Moreover, the corporate entity that designed this ranking system had no credible history of higher education expertise prior to introducing their ranking system. Nonetheless, the organizations within that industry proceeded to reconstruct their pricing structure and financial aid philosophy to earn the highest ranking possible, abandoning many of the mechanisms that made colleges and universities a credible driver of upward mobility. Since you and your institutions played a primary role in creating this mess, the least you can do is hear me out.
U.S. News still gets to continue its wonderful public service, informing prospective students and families about the full range of American colleges and universities. It's not like there aren't a hundred other reasonable sources of information about colleges and universities these days, but let's not let reality get in the way. And if U.S. News hold itself up to its own precedent (which, given its longstanding intransigence about dubious metrics, seems like a reasonable possibility), the higher education institutions that misreport their numbers will get banished to the purgatory of the unranked.
Just imagine what it would feel like in your administration building if no one felt pressured to explain away an entirely inconsequential ranking? Better still, just imagine if you could take all the time and energy you and your staff expend playing rankings whack-a-mole and put it into a singular focus on improving student learning or reducing tuition or something else that could actually benefit students?
I'm sure this is not the kind of leadership that you are used to invoking (i.e., taking a stand on principle no matter the consequences), so here are a few suggestions that might help you get started.
With all of the consortiums and partnerships and articulation agreements out there, it seems like teaming up (or copying someone else's idea) is a core feature of college leadership. Now is a perfect time to put that spirit of collaboration to good use. Find a colleague across the country and borrow each other’s common data sets or IPEDS reports to send to U.S. News. Won't it be fun to share a secret with one other president at a future leadership summit?
Some of the numbers U.S. News asks you to report are large enough that fudging a digit or two won't make a bit of difference. For example, take endowments. The way that computer algorithms run the markets these days, a hundred-thousand-dollar swing can happen in a nanosecond. Surely, your total endowment will eventually round up. Or when you are filling out the reputation survey, put your institution just one notch higher than plausible. If you already do that, revisit the endowment idea, but translate the total into bitcoin.
Sometimes numbers don't really convey the way we all feel about helping our students. When you are reporting what you spend on instruction or other student services, don't limit yourself to numbers. After all, money is a just a social construct, right? There has to be an emoji or Twitter meme that more fully captures your institution's spending on students. Maybe try the phrase, "All the gold they could eat."

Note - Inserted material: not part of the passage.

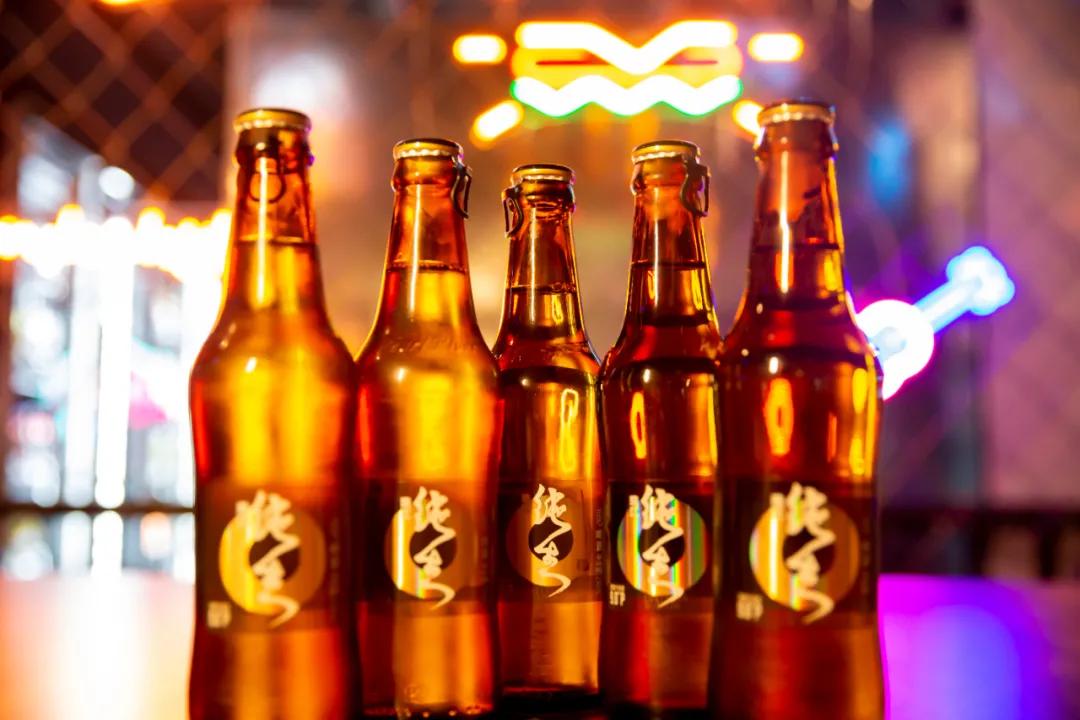 曝光高州这家酒廊,从此你的夜晚不再打烊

Before you reject this idea out-of-hand, please try to remember that U.S. News doesn't own American higher education. Your institution doesn't report to them, and you'll survive just fine no matter what happens to your ranking (you ought to know that by now, since your ranking hasn't budged in thirty years anyway). Moreover, because there are so many rankings now, they've all washed each other out. So next spring, let's turn the category of the unranked into the most coveted spot in the U.S. News rankings. And let's have some fun doing it, while we are at it.